Sekosong Jiwa Kadaver

Falcon Publishing
Chapter #3

Bab 2

Suara lantunan ayat suci Al-Qur’an disusul bacaan wirid istighotsah terdengar memasuki jendela kamar. Aku perlahan mengerjapkan kedua mata. Rasa pusing menyergap ketika aku mencoba mengangkat kepala dari bantal.

Kulihat jam dinding di tembok kamar menunjukkan pukul 04.30. Aku mendesah. Aku terlambat bangun. Tahajud yang biasanya rutin kulakukan setiap dini hari terlewatkan pagi ini. Dengan kepala berdenyut, aku pun melangkahkan kaki menuju kamar mandi untuk mengambil air wudu.

Hari ini hari pengumuman SPMB. Tadi malam aku tak bisa tidur karena gelisah.
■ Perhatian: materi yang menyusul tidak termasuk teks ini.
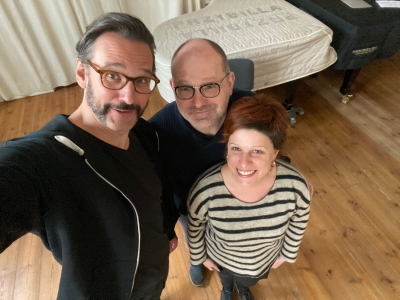 DŽukljev -griener – Weber at Industriesalon Schöneweide - event poster DŽukljev -griener – Weber at Industriesalon Schöneweide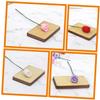 Cabilock 12pcs Miniature Flower Bouquet Realistic Simulation Flowers for Dollhouse Decoration for Projects and Gardens view 3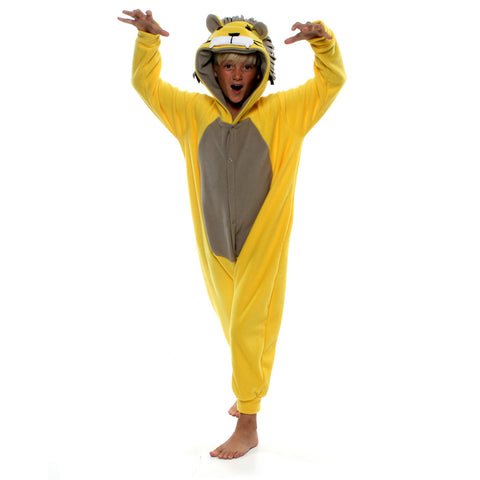 Lion Onesie (yellow/beige): KIDS
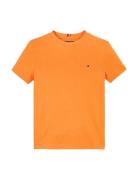 Essential Cotton Reg Tee S/S Tops T-shirts Short-sleeved Orange Tommy ...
Berulang kali kucoba pejamkan mata tetapi pikiran malah melayang ke mana-mana. Jantung yang berdebar kencang dan keringat dingin yang terus keluar membuatku menyerah. Akhirnya aku SMS-an dengan Sofia hingga larut tengah malam dan tertidur pukul 1 dini hari, setelah mengucapkan selamat tidur kepada Sofia.

Suara bacaan istighotsah yang tadi terdengar sudah berhenti dan tergantikan oleh keriuhan ratusan santri putri yang sedang bersiap sekolah. Nantinya keriuhan itu akan berubah menjadi keheningan saat mereka akhirnya berangkat sekolah.

Saat masih kecil, biasanya aku mengikuti ritme para santri di rumahku. Selepas salat Subuh aku akan menyiapkan buku pelajaran yang harus dibawa ke sekolah hari itu. Aku kemudian mandi dan sarapan bersama Rizal, adikku, sebelum keluar gerbang rumah bersama para santri dan berangkat ke Madrasah Ibtidaiah atau MI yang berjarak sekitar 150 meter dari rumah kami.

Mbak-mbak santri di rumahku rata-rata berada di usia SMP dan SMA. Saat aku berjalan ke gerbang, mereka akan berebut menyapa. Terkadang bahkan ada yang usil mencubitku karena gemas. Aku sebenarnya tak nyaman dengan perlakuan mereka, tetapi apalah dayaku yang tak mungkin membalas karena mereka lebih besar.

Di luar itu, aku sebenarnya tidak masalah dengan keberadaan mereka. Apalagi Ibu selalu menasihatiku untuk bersikap ramah dan baik kepada mbak-mbak dan mas-mas santri di rumah kami. Kata Ibu, para santri adalah thoolibul ilmi atau pencari ilmu. Keberkahan banyak sekali menyertai mereka karena bahkan para malaikat pun membentangkan sayap untuk melindungi mereka.

Keberkahan dan doa malaikat untuk para santri itulah yang kata Ibu akan menjadi keberkahan juga untuk keluarga kami. Apalagi kami di sini merawat para santri karena meneruskan amanat dari para leluhur kami yang mendirikan pesantren. Ibu bilang, kami bisa mendapatkan banyak pahala dari Allah jika ikhlas merawat para pencari ilmu ini.

Ya. Rumahku adalah pesantren yang sudah berusia lebih dari seratus tahun. Pesantren ini didirikan di Desa Rejoso di Jombang oleh kakek buyutku yang merantau dari tanah kelahirannya di Jeddih, sebuah desa di Bangkalan, Madura. Setelah itu, pesantren ini dilanjutkan turun-temurun oleh kakek, para paman, ayah, dan juga kakak-kakak sepupu dan mindoanku. Hingga kini, pesantren kami memiliki 10.000 santri dan 12 unit sekolah yang dikelola bersama- sama oleh keluarga besarku.